I agree with perplexed when he refers to the design as “outdated”. COVID 19 has shown the need for individual rooms and bathroom facilities to best control spread of disease amongst a vulnerable population. If this change is regulated requirement within a few years, would this mean renovating a “new” facility?

Reply to  perplexed
4 years ago

Then to top it off the Design was back in 2016 and with the stiff new regulations to Long term care facilities coming in after this Covid 19 nonsense The whole thing might be regulated out of existence before it is finished

Perhaps the fear that it will require a redesign explains the rush to demolish the current building and begin construction. Then we can demolish the replacement and…

Long Day's Journey into Night
4 years ago

Can any sane citizen reader explain the reason for a $6 million Archives? I really haven’t witnessed a line-up or confined conditions at the Library….

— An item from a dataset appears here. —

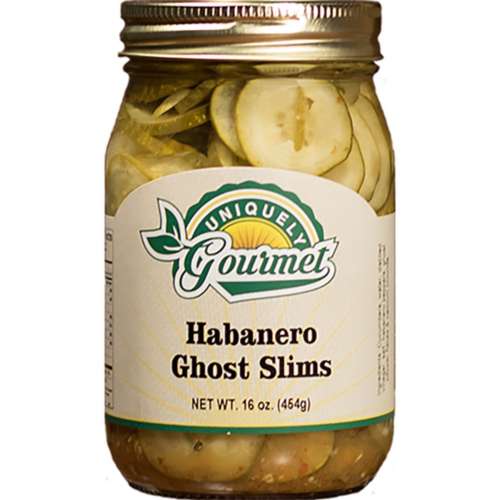 Uniquely Gourmet Habanero Ghost Slims Pickles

Reply to  Long Day's Journey into Night
4 years ago

Can any sane citizen reader explain the reason for an $80 million replacement for a Long Term Care facility that is working just fine as is and would seem to have years of productive use ahead of it, but is scheduled to be demolished instead, itself at great cost for demolition and removal?

Reply to  JimT
4 years ago

Upgrading the current GPL to meet current standards would inconvenience operations and be a huge expenditure. The important question is, does the current architectural plan meet standards after Covid-19? This new facility is to meet the needs of people far into the future and the current structure is quite aged. We are grateful for the care that our family has received there in the past and that care will continue into the future but the infrastructure, the rooms, the kitchens and the entire structure will suit us for many decades to come.

Ken Strauss
Reply to  AlmaB
4 years ago

The new version of GPL will cost $100M or over $1000 for every man, woman and child in Northumberland. What do you consider “a huge expenditure“?

Canuck Patriot
Reply to  Long Day's Journey into Night
4 years ago

I have to agree. I would much rather see more patient rooms than a $6 Million archive. How many people visit the current one? Is there an opportunity to expand beyond three floors to five?

Fact Checker
Reply to  Canuck Patriot
4 years ago

I agree. The archives could be housed in one of Northam’s unused spaces and the refurb cost wouldn’t be anything like $6M. The mothballed arena is another potential site.